1. spark 安装目录问题
ambari 安装的spark 版本号和社区下载的不一样,semver.sh脚本执行正则的时候验证spark版本是否合格,会失败。
重新安装 spark 指定路径
2. 链接数据库须带端口
3.spark路径
/data/Software/spark-2.3.3
4.postgresql数据库:
数据地址:
库名:pio
用户名:pio
密码:
链接
psql -U pio -h ip -p 5432 -d pio
所有数据库:
select * from pg_database;
选择数据库:
\c pio
查询指定库所有表:
\dt
退出:
\q
5.PredictionIO安装目录:
/usr/local/PredictionIO/PredictionIO-0.14.0
unset -f pathmunge
export JAVA_HOME=/usr/jdk64/jdk1.8.0_112
export HADOOP_HOME=/usr/hdp/2.6.4.0-91/hadoop
export SPARK_HOME=/usr/hdp/2.6.4.0-91/spark2
export PGD_HOME=/usr/local/postgresql
export PIO_HOME=/usr/local/PredictionIO/PredictionIO-0.14.0
export PATH=$JAVA_HOME/bin:$HADOOP_HOME/bin:$SPARK_HOME/bin:$PGD_HOME/bin:$PIO_HOME/bin:$PATH
export CLASSPATH=.:$JAVA_HOME/lib/dt.jar:$JAVA_HOME/lib/tools.jar
export SPARK_MAJOR_VERSION=2
配置文件:
pio-env.sh
jar包;
postgresql-42.2.6.jar
pio eventserver & 启动
jps -l 查看
6.流程
目录项目 /data/online/PredictionIO/MyECommerceRecommendation
git clone https://github.com/apache/predictionio-template-ecom-recommender.git MyECommerceRecommendation
pio app new myEcoRe 创建app项目
[INFO] [App$] Initialized Event Store for this app ID: 1.

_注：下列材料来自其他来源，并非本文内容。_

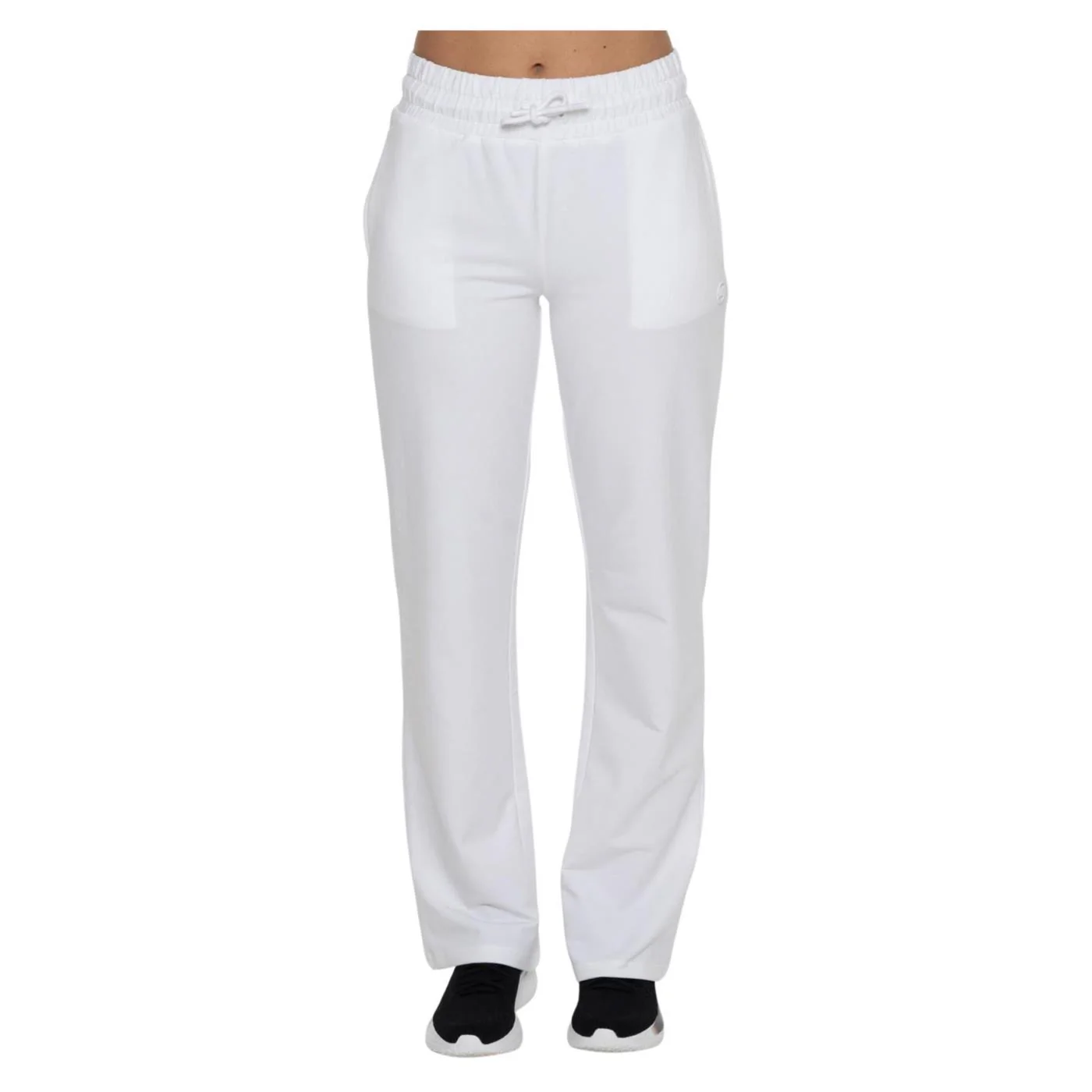 LEONE PANTALONI FLARED STRETCH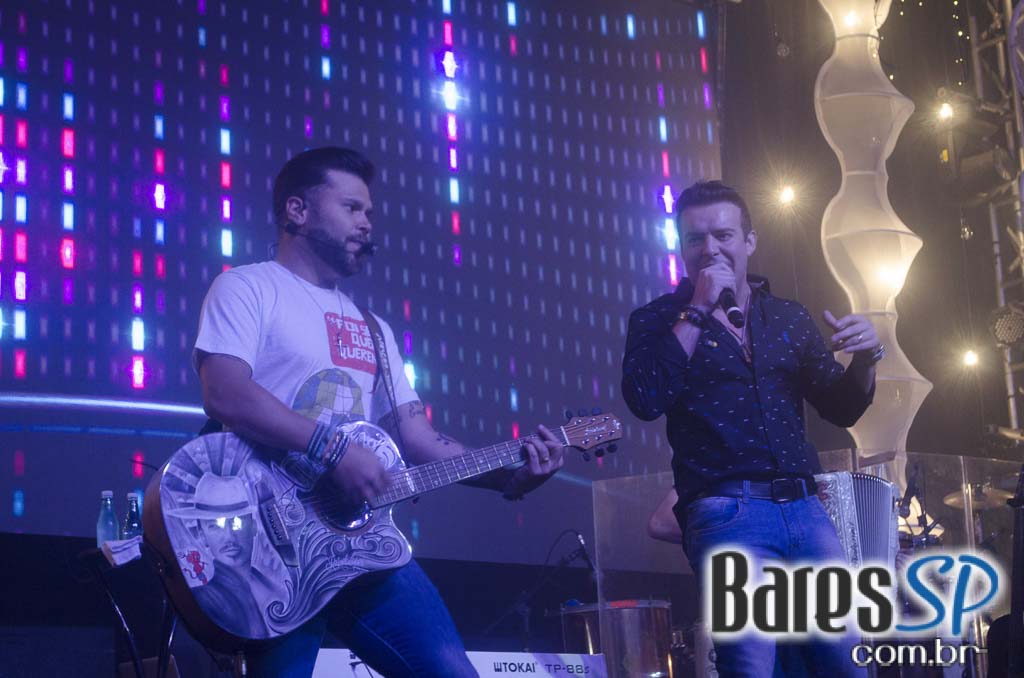 Festa de 3 anos da Brooks apresentou Marcos & Belutti que animou a quarta Festa de 3 anos da Brooks apresentou Marcos & Belutti que animou a quarta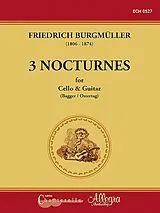 Johann Friedrich Franz (Frédéric) Burgmüller Notenblätter 3 Nocturnes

[INFO] [Pio$] Created a new app:
[INFO] [Pio$] Name: myEcoRe
[INFO] [Pio$] ID: 1
[INFO] [Pio$] Access Key: CDLjmOcO3iRD82dxkMKHsRIUgffc9sLUuENUjp36-tE5bqV_aCK22eBa1-bfUAIq
pio app list 查看
[INFO] [Pio$] Name | ID | Access Key | Allowed Event(s)
[INFO] [Pio$] myEcoRe | 1 | CDLjmOcO3iRD82dxkMKHsRIUgffc9sLUuENUjp36-tE5bqV_aCK22eBa1-bfUAIq | (all)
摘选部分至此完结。